_EXERCISE BRIEF_
Please repeat only the lines below starting at the line that holds "9320 31st St E, Edgewood, WA 98371 - Photo 1" and ending at the line that holds "Nike - Giày", exactly, with both of those lines included and every picture omitted.

_EXERCISE DATA_

* * *

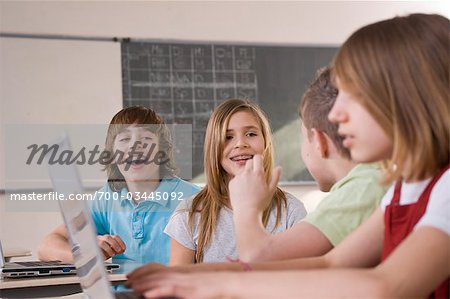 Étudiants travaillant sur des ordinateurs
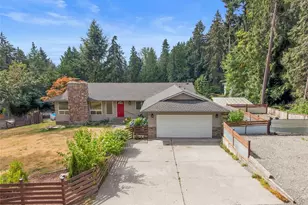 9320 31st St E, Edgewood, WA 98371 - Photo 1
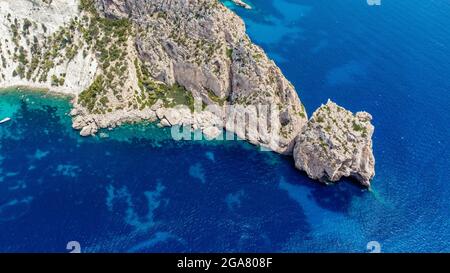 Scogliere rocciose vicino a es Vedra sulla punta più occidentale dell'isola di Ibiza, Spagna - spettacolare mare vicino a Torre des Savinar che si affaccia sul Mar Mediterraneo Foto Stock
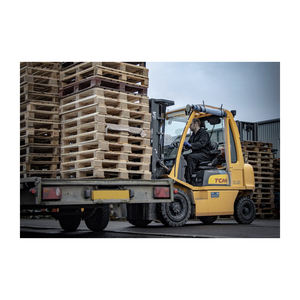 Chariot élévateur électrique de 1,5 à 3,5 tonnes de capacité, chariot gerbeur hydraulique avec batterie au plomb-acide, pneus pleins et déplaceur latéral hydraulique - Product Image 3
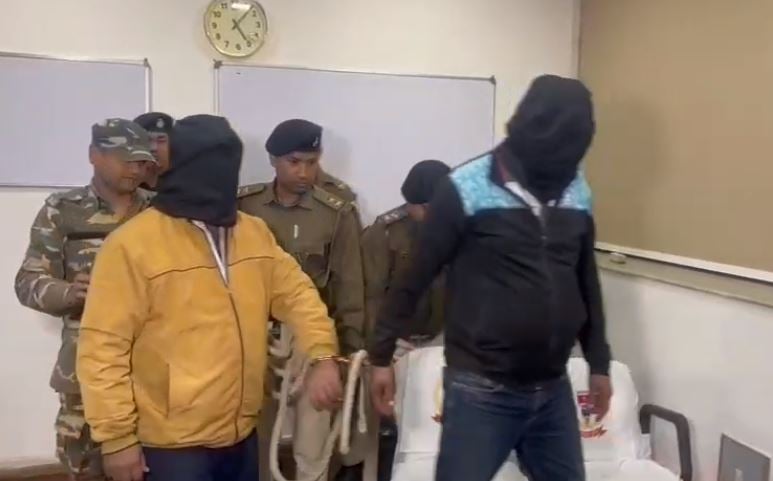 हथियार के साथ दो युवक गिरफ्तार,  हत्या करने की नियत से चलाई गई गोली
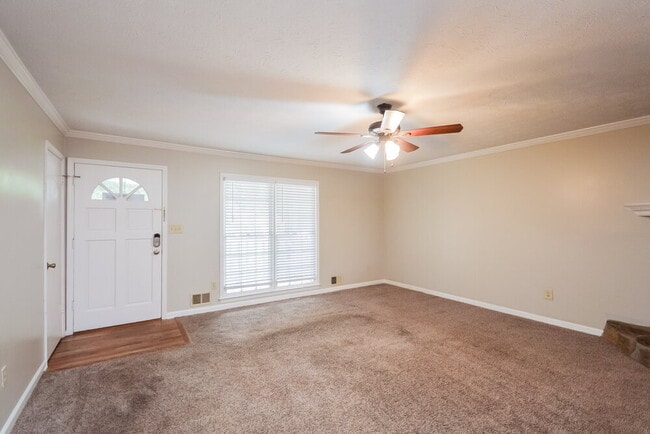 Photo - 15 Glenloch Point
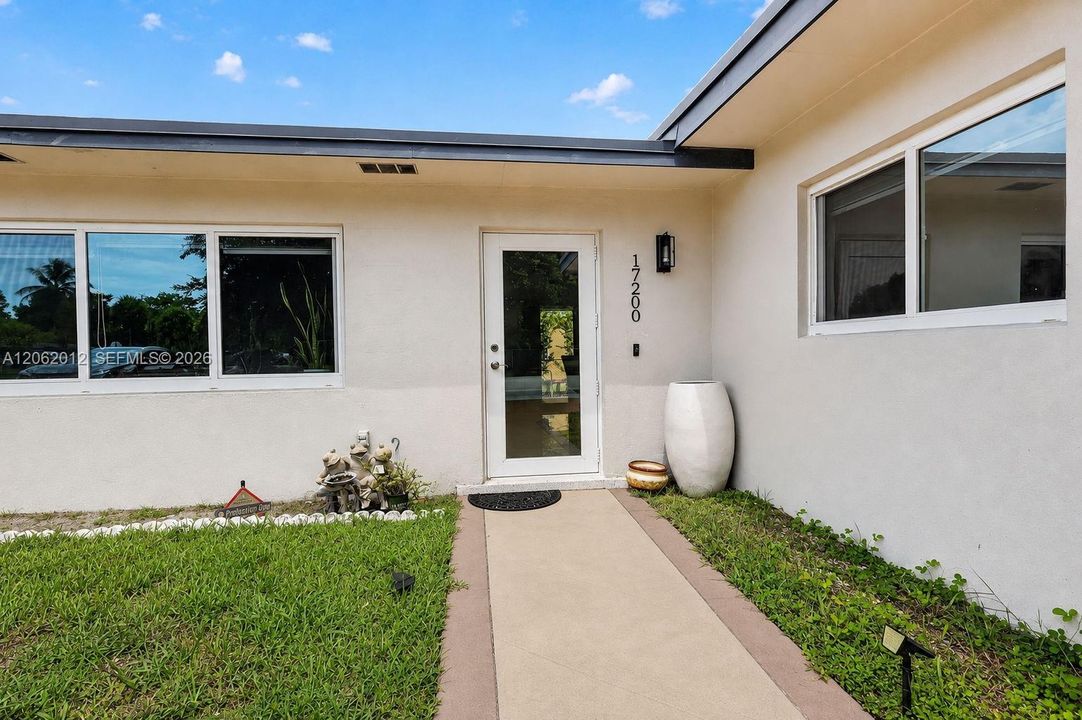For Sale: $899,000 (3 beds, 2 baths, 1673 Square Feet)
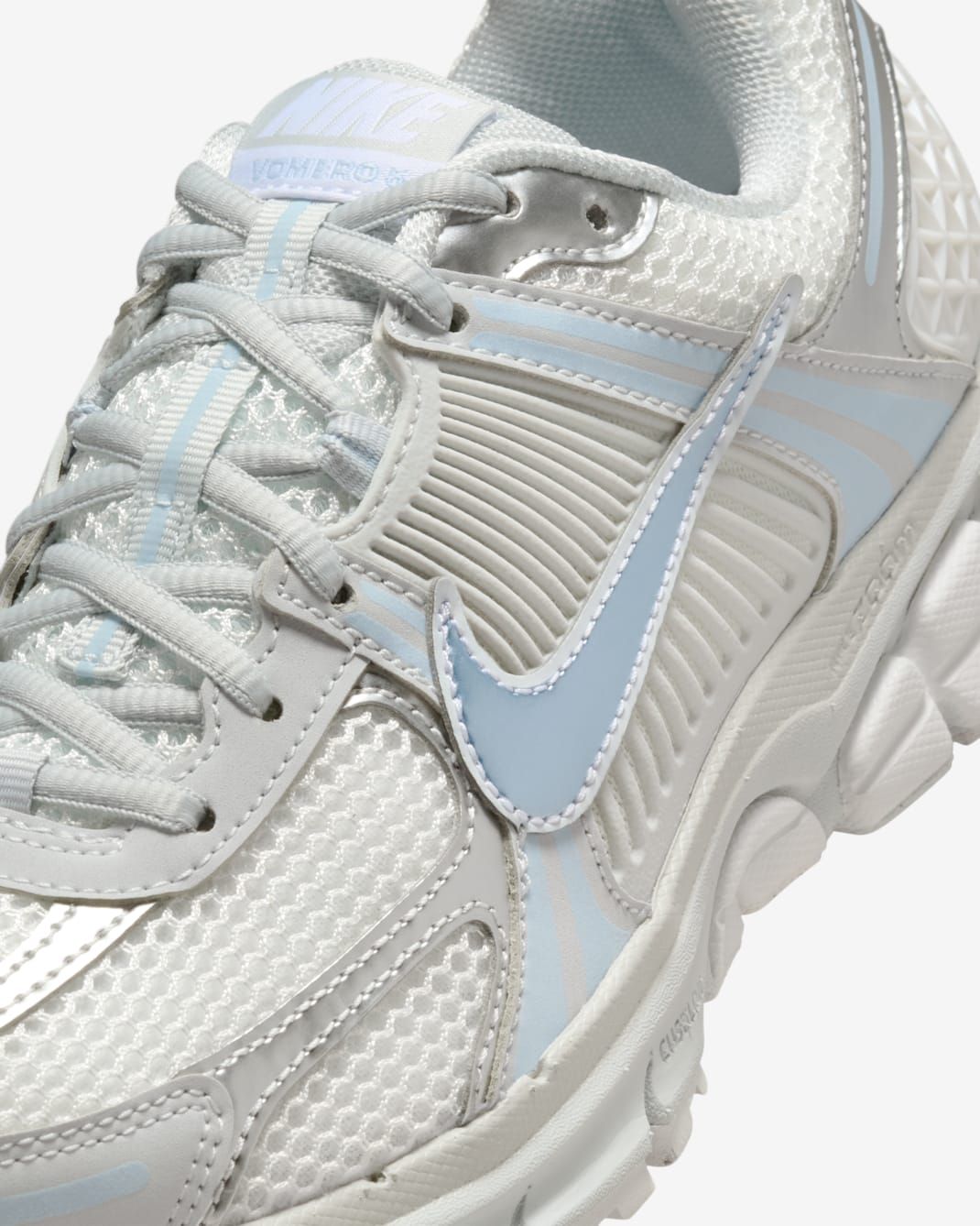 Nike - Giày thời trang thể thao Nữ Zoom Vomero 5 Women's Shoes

* * *

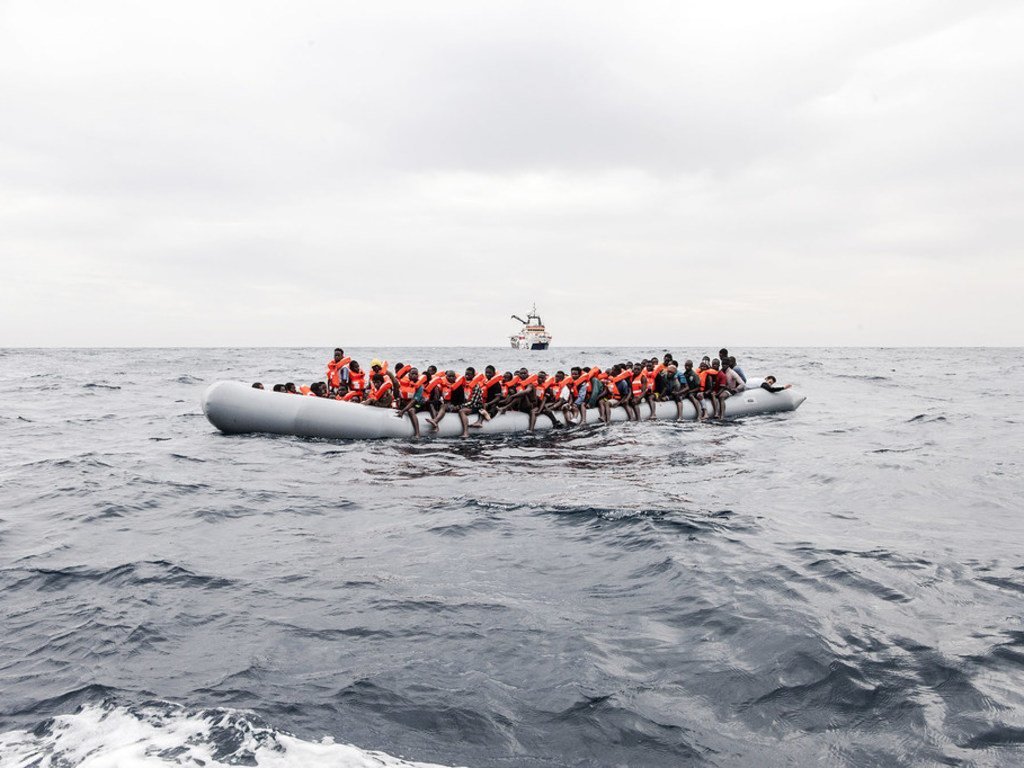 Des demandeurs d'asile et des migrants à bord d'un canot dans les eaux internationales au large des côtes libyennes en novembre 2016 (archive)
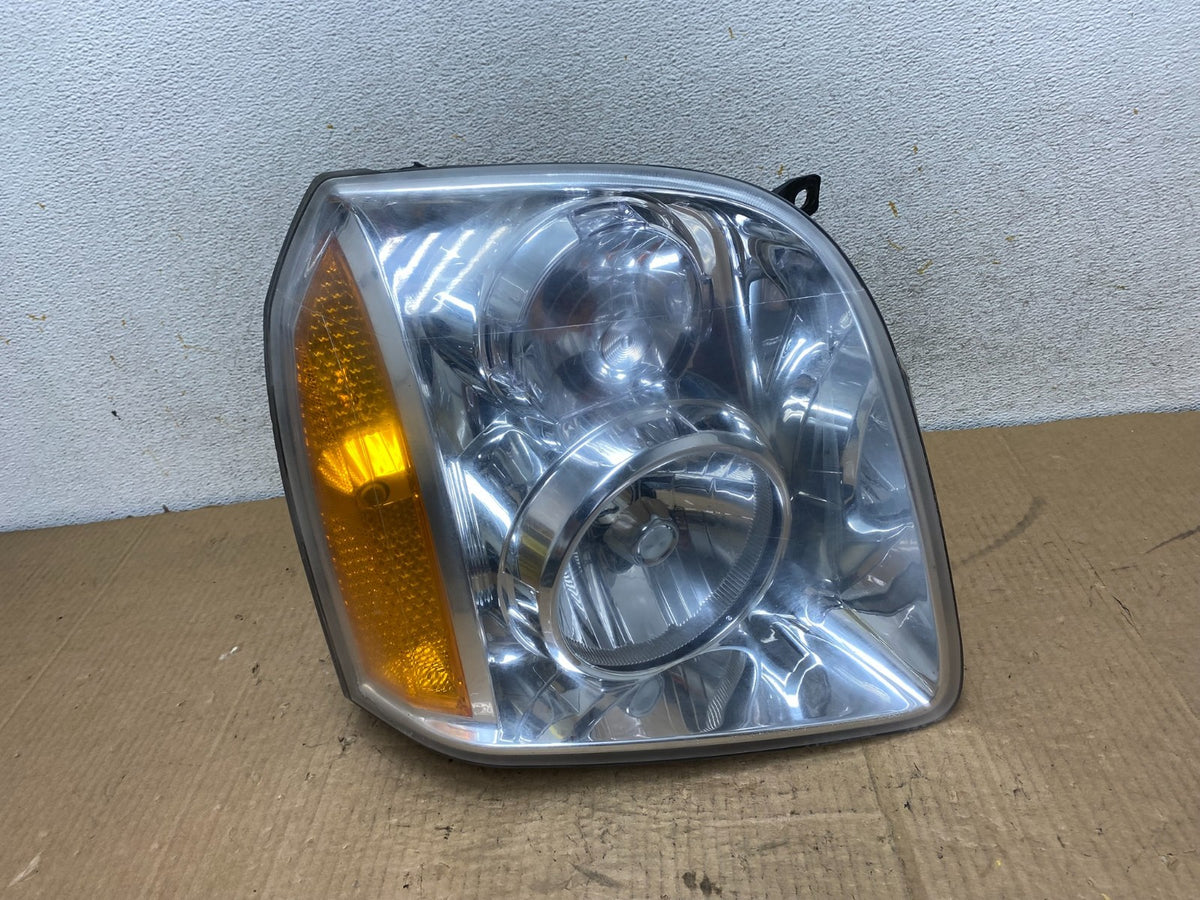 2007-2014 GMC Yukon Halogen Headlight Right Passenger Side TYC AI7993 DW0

* * *

_EXERCISE OUTPUT_
 9320 31st St E, Edgewood, WA 98371 - Photo 1
 Scogliere rocciose vicino a es Vedra sulla punta più occidentale dell'isola di Ibiza, Spagna - spettacolare mare vicino a Torre des Savinar che si affaccia sul Mar Mediterraneo Foto Stock
 Chariot élévateur électrique de 1,5 à 3,5 tonnes de capacité, chariot gerbeur hydraulique avec batterie au plomb-acide, pneus pleins et déplaceur latéral hydraulique - Product Image 3
 हथियार के साथ दो युवक गिरफ्तार,  हत्या करने की नियत से चलाई गई गोली
 Photo - 15 Glenloch Point
For Sale: $899,000 (3 beds, 2 baths, 1673 Square Feet)
 Nike - Giày thời trang thể thao Nữ Zoom Vomero 5 Women's Shoes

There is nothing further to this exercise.